Una de las salvedades que guarda para sí el arte moderno es su pretendida subjetividad. Es decir, a diferencia de otros ­­–clásico, barroco, renacentista o incluso visigodo­­–, no busca causar impacto a través de un dominio de las proporciones, la simetría o lo que podríamos llamar un gusto objetivo por la estética.

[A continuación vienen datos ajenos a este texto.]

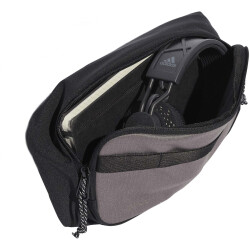 adidas Xplorer Gürteltaschen AF4P - chacoa/black/white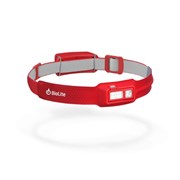 Налобный фонарь Биолайт (Biolite) HeadLamp 330 HPA1004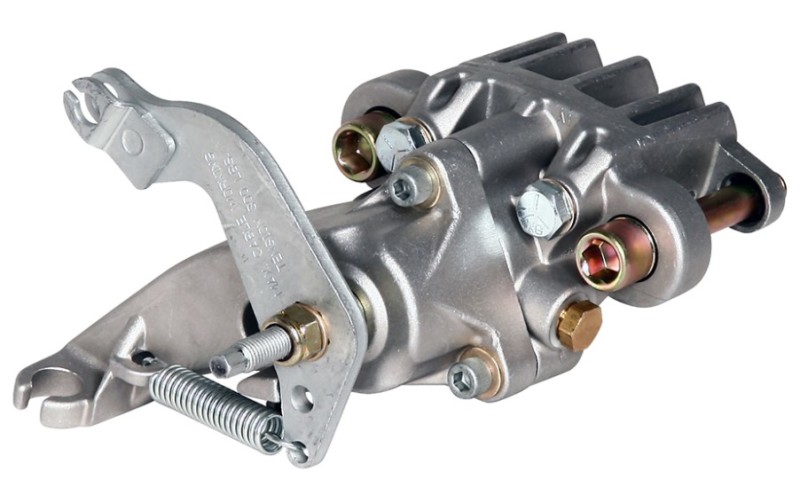 WIL Hydra Mechanical Caliper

Por el contrario, significa su ser en lo presuntamente creado en la consciencia del receptor, al que se hace copartícipe y, por tanto, parte de la obra.

Podríamos hacer un cálculo aproximado del precio de La Gioconda, de una primera edición de Juan Ramón Jiménez, de un lienzo de Umberto Boccioni o de los retablos de la catedral de Astorga, ¿pero de un par de listones de madera en equilibrio? ¿Y del bigote de Salvador Dalí?

Fue esta coyuntura aprovechada por el pintor surrealista, al que Yoko Ono solicitó una muestra de su famoso bigote, posiblemente para alguna obra de “arte conceptual”. Según cuenta la conocida modelo Amanda Lear, a la sazón amante del pintor figuerense, Dalí pensaba que Yoko Ono “era una bruja y temía que lo hechizara” o que usara ese pelo para alguna especie de ritual.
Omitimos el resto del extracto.